▼

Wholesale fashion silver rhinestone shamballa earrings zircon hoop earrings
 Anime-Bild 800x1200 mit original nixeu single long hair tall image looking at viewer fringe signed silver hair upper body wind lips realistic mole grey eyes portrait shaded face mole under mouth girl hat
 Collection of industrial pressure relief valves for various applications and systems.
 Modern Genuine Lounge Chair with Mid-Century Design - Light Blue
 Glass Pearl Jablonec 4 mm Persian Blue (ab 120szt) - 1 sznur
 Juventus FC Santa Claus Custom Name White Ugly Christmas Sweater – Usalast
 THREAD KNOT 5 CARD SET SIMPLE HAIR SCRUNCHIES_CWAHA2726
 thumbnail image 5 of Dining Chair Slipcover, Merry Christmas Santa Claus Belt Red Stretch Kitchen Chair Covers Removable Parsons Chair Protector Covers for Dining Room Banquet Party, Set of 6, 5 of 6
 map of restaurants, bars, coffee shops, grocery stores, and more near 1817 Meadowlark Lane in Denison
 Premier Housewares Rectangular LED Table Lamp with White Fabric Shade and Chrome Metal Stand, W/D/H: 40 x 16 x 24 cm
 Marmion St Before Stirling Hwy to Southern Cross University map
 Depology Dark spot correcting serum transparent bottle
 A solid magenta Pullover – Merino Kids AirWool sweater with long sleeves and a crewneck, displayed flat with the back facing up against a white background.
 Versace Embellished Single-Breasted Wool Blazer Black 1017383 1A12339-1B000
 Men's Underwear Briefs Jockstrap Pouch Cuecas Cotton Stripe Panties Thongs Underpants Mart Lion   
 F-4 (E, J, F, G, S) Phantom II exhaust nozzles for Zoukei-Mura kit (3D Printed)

▲

- _ABOUT THIS TASK_: Display each line of the data where "Santa" occurs.

- _THE ANSWER_:
 Juventus FC Santa Claus Custom Name White Ugly Christmas Sweater – Usalast
 thumbnail image 5 of Dining Chair Slipcover, Merry Christmas Santa Claus Belt Red Stretch Kitchen Chair Covers Removable Parsons Chair Protector Covers for Dining Room Banquet Party, Set of 6, 5 of 6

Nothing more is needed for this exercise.